● ASSIGNMENT
Take the entries below and print only the lines from the one with "2 Bedroom Property" through the one with "Apartamento para Venda", exactly as they stand, both ends included.

● Source records
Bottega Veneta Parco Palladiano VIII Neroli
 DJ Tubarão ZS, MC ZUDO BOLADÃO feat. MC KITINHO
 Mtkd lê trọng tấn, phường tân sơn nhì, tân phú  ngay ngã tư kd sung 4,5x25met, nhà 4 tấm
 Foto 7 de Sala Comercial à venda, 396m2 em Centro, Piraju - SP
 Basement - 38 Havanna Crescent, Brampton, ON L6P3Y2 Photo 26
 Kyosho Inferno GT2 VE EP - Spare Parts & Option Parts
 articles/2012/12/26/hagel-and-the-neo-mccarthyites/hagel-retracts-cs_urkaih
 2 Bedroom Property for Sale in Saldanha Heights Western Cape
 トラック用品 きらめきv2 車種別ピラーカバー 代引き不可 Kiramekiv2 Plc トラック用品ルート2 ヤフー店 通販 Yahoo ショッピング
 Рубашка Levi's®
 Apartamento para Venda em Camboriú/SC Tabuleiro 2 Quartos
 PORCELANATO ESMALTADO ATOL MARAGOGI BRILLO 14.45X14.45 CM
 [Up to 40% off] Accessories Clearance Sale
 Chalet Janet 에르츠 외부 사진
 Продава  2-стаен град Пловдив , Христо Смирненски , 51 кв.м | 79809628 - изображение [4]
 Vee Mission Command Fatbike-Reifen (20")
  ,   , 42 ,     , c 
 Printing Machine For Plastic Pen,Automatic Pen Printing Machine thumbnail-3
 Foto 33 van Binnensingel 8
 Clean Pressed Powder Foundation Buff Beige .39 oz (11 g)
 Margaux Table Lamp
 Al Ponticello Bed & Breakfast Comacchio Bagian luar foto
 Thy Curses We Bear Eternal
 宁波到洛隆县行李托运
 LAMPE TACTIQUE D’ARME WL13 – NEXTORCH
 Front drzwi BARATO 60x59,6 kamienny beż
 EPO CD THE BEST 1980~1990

● ANSWER TO THE EXERCISE
 2 Bedroom Property for Sale in Saldanha Heights Western Cape
 トラック用品 きらめきv2 車種別ピラーカバー 代引き不可 Kiramekiv2 Plc トラック用品ルート2 ヤフー店 通販 Yahoo ショッピング
 Рубашка Levi's®
 Apartamento para Venda em Camboriú/SC Tabuleiro 2 Quartos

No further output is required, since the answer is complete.